Por outro lado, dizia ele, a Tam estava com tudo: crescendo, ampliando a malha, recebendo novas aeronaves, contratando pilotos e com ótimas perspectivas para o futuro. Aquela conversa não estava legal, então pedi a ele para mudarmos de assunto. Em uma hora estaríamos decolando um MD-11 com 270 toneladas de peso e aquele momento estava inapropriado para aquele assunto baixo astral. Se ele desejasse, depois que atingíssemos o nível de cruzeiro, poderíamos discutir sobre a situação da Varig. Foram onze horas de voo até São Paulo e praticamente não se falou de crise.
Outra situação parecida aconteceu com o comandante Cunha, também em Londres, só que no trajeto aeroporto-hotel. Mal o ônibus deixou o aeroporto e o primeiro oficial do voo pediu permissão para atualizar os tripulantes sobre a situação da Varig.
Este colega fazia parte da diretoria da Associação de Pilotos da Varig, que naquela época travava uma dura batalha pela sobrevivência da empresa. Aproveitando-se do sistema de som do ônibus, em pé no corredor, ele discorreu sobre a crise, as perspectivas, dificuldades, ações, enfim um briefing completo para os demais 15 tripulantes e mais alguns familiares que estavam a bordo. Um panorama terrível em que nem o mais otimista dos otimistas deixaria de se preocupar.
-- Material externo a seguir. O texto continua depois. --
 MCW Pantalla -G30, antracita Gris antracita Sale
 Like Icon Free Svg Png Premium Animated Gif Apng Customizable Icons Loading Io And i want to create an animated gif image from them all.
Aquele papo não fez bem a ninguém, e o corpo do comandante Cunha reagiu. Já acomodado no quarto do hotel ele percebeu que não estava se sentindo bem. Pressão, suor, taquicardia, algo estava errado. Ligou pra o médico de plantão que atendia os tripulantes em caso de necessidade e rapidamente foi examinado.
O médico diagnosticou um caso de alto stress, dando a ele remédio pra pressão e impedindo que ele voltasse ao Brasil trabalhando. No dia seguinte, o comandante Cunha regressou ao Brasil devidamente acomodado na classe executiva e uma semana depois já estava apto a reassumir sua escala de voos. Condução não é local nem momento para baixo astral!
Recentemente fiz uma programação de dois dias com pernoite em Belo Horizonte. Foram apenas 12 horas de hotel, chegando as 22:40 hs e saindo as 10:40 hs da manhã seguinte.
Não houve tempo para passeio, mas em compensação, o trajeto de 45 minutos entre o hotel e o aeroporto de Confins foi divertidíssimo! Seis tripulantes no fundo do microônibus conversando, contando piadas e casos engraçados.
Foi, sem dúvida, o melhor momento de toda a viagem!